Federal Judge Temporarily Blocks Trump Administration’s Funding Freeze to Five States
In a recent legal development, a federal judge has temporarily halted the Trump administration’s decision to withhold federal funds from five states led by Democrats. The states affected are California, Colorado, Illinois, Minnesota, and New York. This injunction prevents any immediate disruption in the funding of programs designed to aid low-income families with children.
The controversy began when the U.S. Department of Health and Human Services announced a suspension of billions in funding for three critical grant programs. These programs include the Child Care and Development Fund, which assists 1.3 million children from low-income families, the Temporary Assistance for Needy Families (TANF) program, and the Social Services Block Grant. Collectively, these states receive over $10 billion annually from these funds.
The department justified its decision by alleging that the states were improperly extending benefits to individuals residing illegally in the country. However, they have yet to present evidence to support these claims.
U.S. District Judge Arun Subramanian, appointed by President Joe Biden, issued the temporary block, ensuring the continuation of funds for at least 14 days as legal proceedings continue.

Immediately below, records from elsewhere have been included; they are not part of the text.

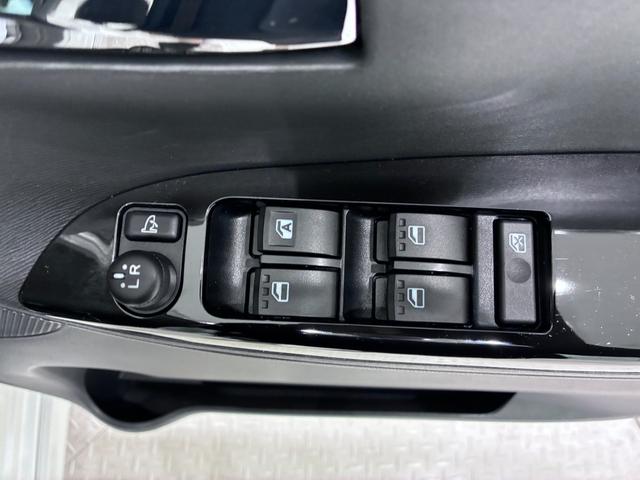 タントカスタムＸ　トップエディションＳＡ左側パワースライドドア　オートライト　キーフリー　アイドリングストップ　電動格納式ドアミラー　衝突被害軽減システム　エアコン　パワーステアリング　パワーウィンドウ　運転席エアバッグ　ＡＢＳ（岡山県）の中古車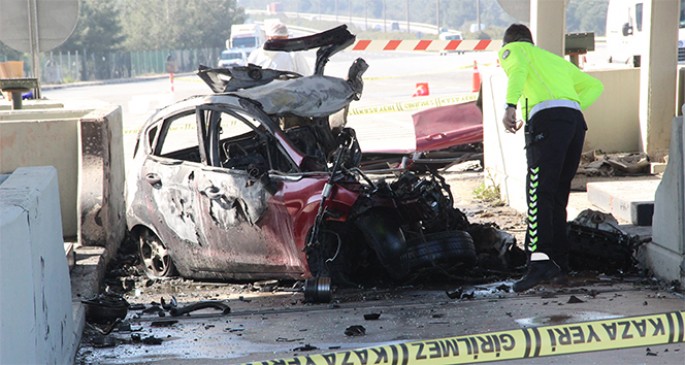 16 yaşlı gənc qaçırdığı avtomobili betona çırpdı: Hadisə yerində öldü - FOTO + VİDEO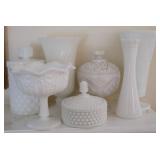 7pc Vintage Milk Glass 7pc Vintage Milk Glass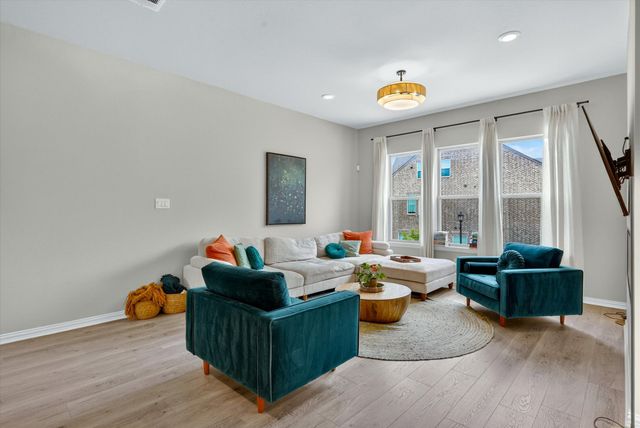 4811 Aldenbury Street, Dallas, TX 75228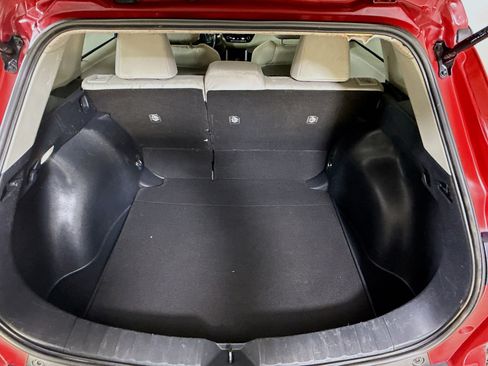 Used 2024 Toyota Corolla Cross LE image 35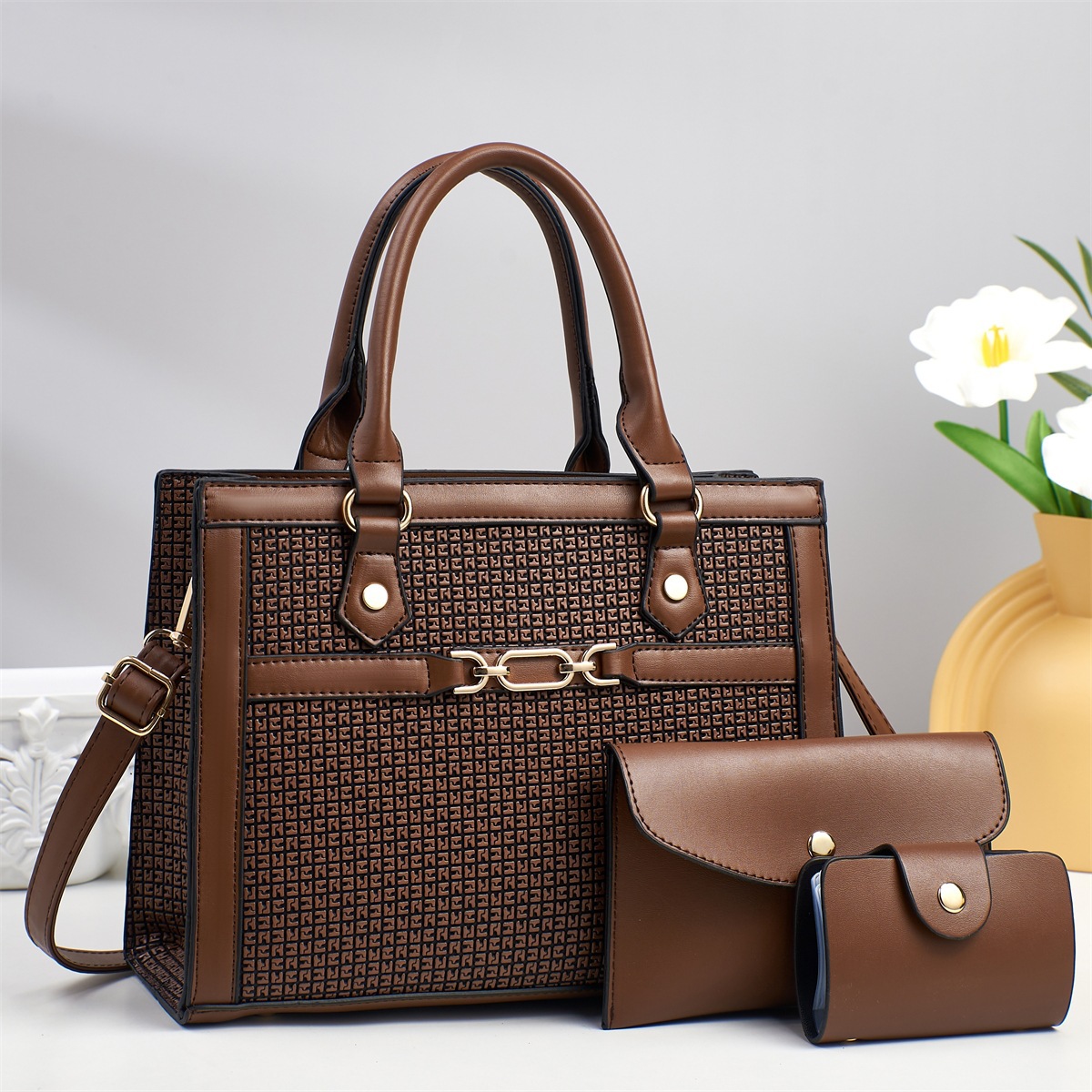 Three-piece set of women's foreign trade bags 2025 new style large-capacity tote commuter handbag, light luxury and elegant mom bag Application Scenario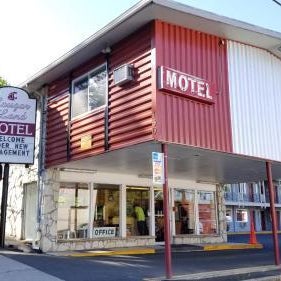 Cougar Land Motel Thumbnail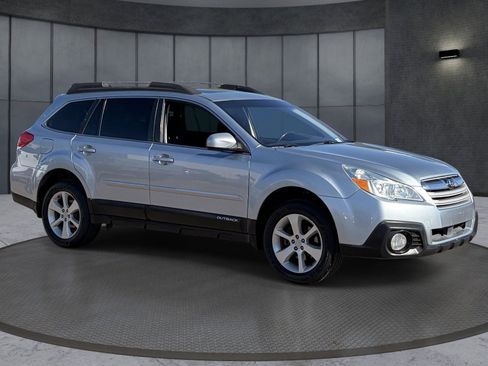 Used 2014 Subaru Outback 2.5i Premium AWD/4WD image 8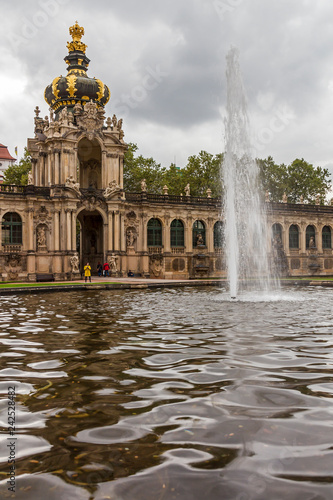 Dresden Zwinger Ansicht Park mit Kronentor und Springbrunnen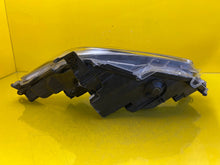 Load image into Gallery viewer, Frontscheinwerfer Toyota 4 Yaris LED Rechts Scheinwerfer Headlight SCH9853292690zx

The judge noted that the states met the necessary legal criteria to maintain the status quo during this period.
New York Attorney General Letitia James, who is spearheading the lawsuit, lauded the judge’s decision as a “critical victory for families whose lives have been upended by this administration’s cruelty.” The states argue that the federal government’s actions are unconstitutional and politically motivated, aiming to target President Trump’s political rivals rather than address fraud, which they claim is already being managed.
The federal government had sought extensive data from the states, including personal details of benefit recipients since 2022. Jessica Ranucci, an attorney from James’ office, highlighted the immediate challenges faced by the states due to delayed funds, emphasizing the uncertainty it brings to families and child care providers reliant on these programs.
Conversely, Kamika Shaw, representing the federal government, stated that there was no cessation of funds to the states.
Meanwhile, 45 other states have been instructed to enhance their oversight by verifying child care center attendance and providing robust justifications for fund usage.
In a parallel issue, Agriculture Secretary Brooke Rollins declared a freeze on $130 million in annual funding to Minnesota, citing the state’s failure to prevent fraud. This decision follows reports of a nonprofit, Feeding Our Future, allegedly misappropriating $250 million intended for child nutrition during the pandemic. While Minnesota Governor Tim Walz has yet to comment, Attorney General Keith Ellison plans to contest the freeze legally.
Rollins suggested on social media that Minnesota could regain funding by clarifying its financial expenditures over the past year, a requirement that will apply to all future transactions involving federal funds.
This incident adds to the tension between the Trump administration and Minnesota, with recent remarks by President Trump referring to the state’s Somali population in derogatory terms. Additionally, an extensive immigration enforcement operation in Minneapolis recently resulted in a fatal shooting by an ICE agent.